The final expression with an opening angle ${1\over n}$ then reads
\begin{eqnarray}
\label{finalfixed}
Z'_{1\over n}(0) = (1-{1\over n})({1\over 6}\log 2 + {1\over 4}\log\pi)
+
{{1-n}\over{12}}\log 2 + ({1\over 4} - {1\over{12n}})\log n
\nonumber \\
+ \sum_{p=1}^{n-1}
({1\over 2} - {p\over n})\log\Gamma({p\over n})
\end{eqnarray}
For a general opening angle we go back to
\ref{tildeJdefc}, keep track of the various terms proportional to
${1\over n}$ that had been absorbed into $B$, and arrive at
\begin{eqnarray}
\label{totalintegratedbc}
Z'_{\alpha}(0) = {1\over{12}}({1\over{\alpha}} -\alpha)(\gamma -\log 2)
-{1\over{12}}({1\over{\alpha}} + 3 +\alpha)\log\alpha +\tilde J(\alpha)
\end{eqnarray}
Throughout this appendix, we have simplified on the integral $J$, which
is the same for corners on the boundary and in the interior.

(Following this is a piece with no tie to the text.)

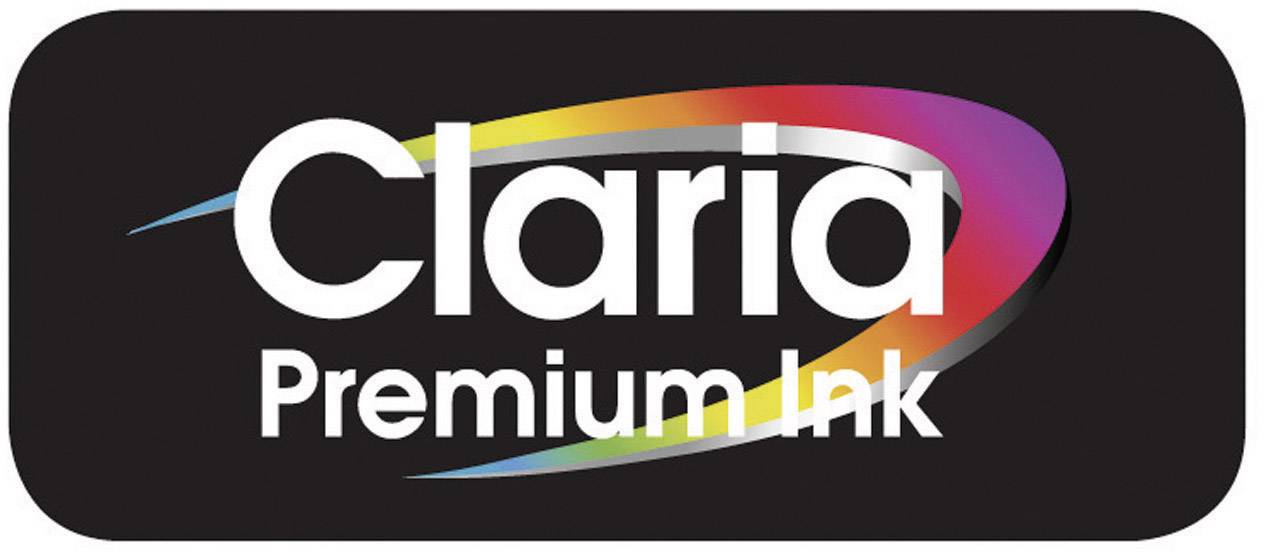 Logo s nápisom 'Claria Premium Ink', obklopené farebným, dynamickým pruhom vo farbách dúhy na čiernom pozadí.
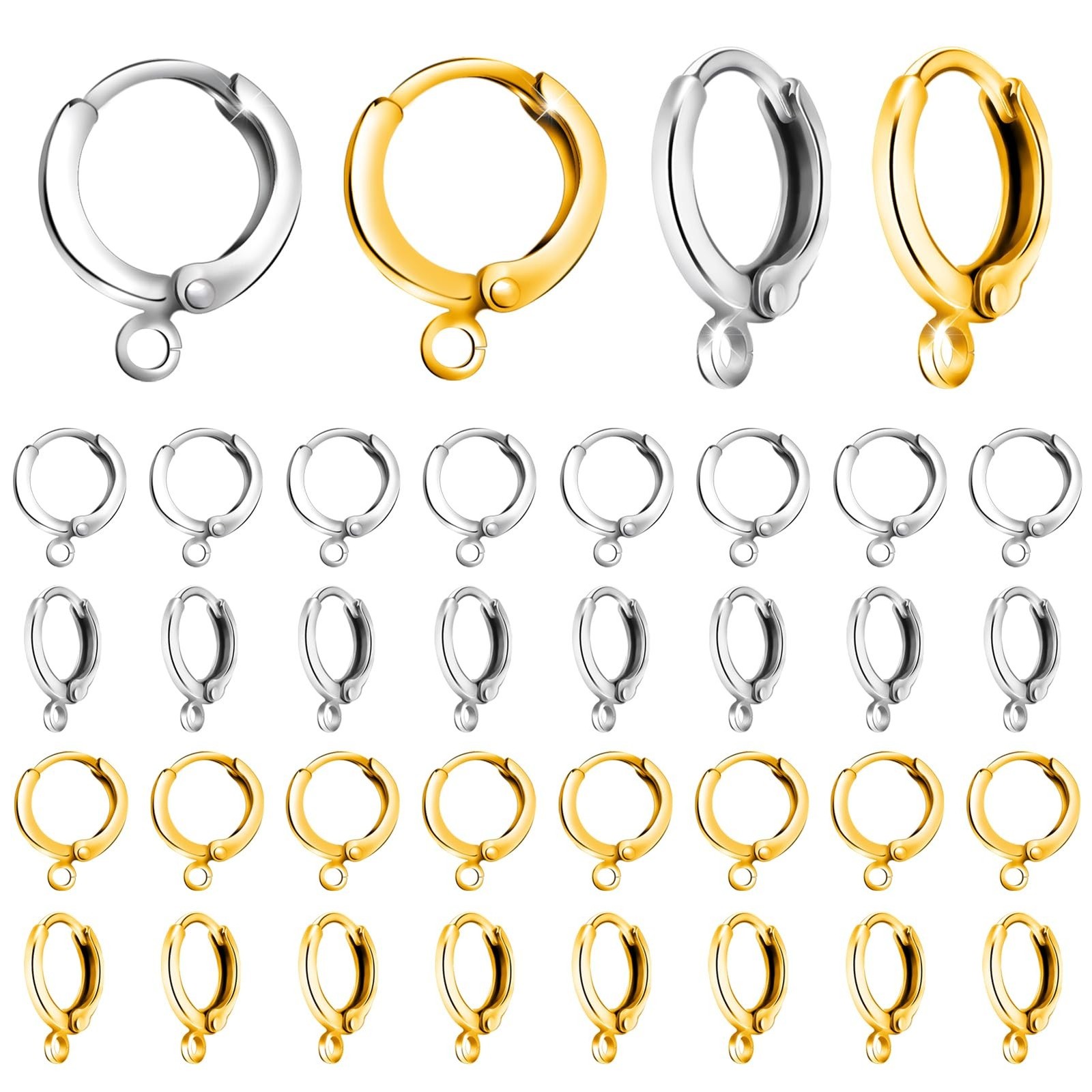 TOAOB 30pcs Brass Leverback French Earring Hooks Gold Silver Dangle Earwires ...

The
strictly local contribution to $Z_D'(0)$ from a corner in the
interior is thus
\begin{eqnarray}
\label{totalintegratedic}
Z'_{\alpha}(0) = {1\over{6}}({1\over{\alpha}} -\alpha)(\gamma -\log 2)
-{1\over{6}}({1\over{\alpha}} + \alpha)\log\alpha +2\tilde J(\alpha)
\end{eqnarray}





\section* {A9. Asymptotics of $Z_{\alpha}'(0)$}
\label{s:app9}
\renewcommand{\theequation}{A9.\arabic{equation}}
\setcounter{equation}{0}
In this section we investigate $Z_{\alpha}'(0)$ when $\alpha$ is
large or small or close to one.
\subsection*{Large and small $\alpha$}
It is convenient to divide up the terms in $Z_{\alpha}'(0)$
according to whether they are
symmetric or antisymmetric under the transformation
$\alpha\to{1\over{\alpha}}$.
If we take the integral $\tilde J$, it makes sense
to first introduce a finite symmetric alternative
expression
\begin{eqnarray}
\label{JSdef}
J_S(\alpha) =
\int_{\epsilon}^{\infty}
{{dy}\over y} {1\over{e^{y\sqrt{\alpha}}-1}}
{1\over{e^{y\over{\sqrt{\alpha}}}-1}}
-{1\over{2\epsilon^2}} +
({1\over{\sqrt{\alpha}}}+ \sqrt{\alpha}){1\over{2\epsilon}}
+{1\over {12}}(\alpha+3+{1\over{\alpha}})\log\epsilon
\end{eqnarray}
where the limit as $\epsilon\to 0 $ is understood.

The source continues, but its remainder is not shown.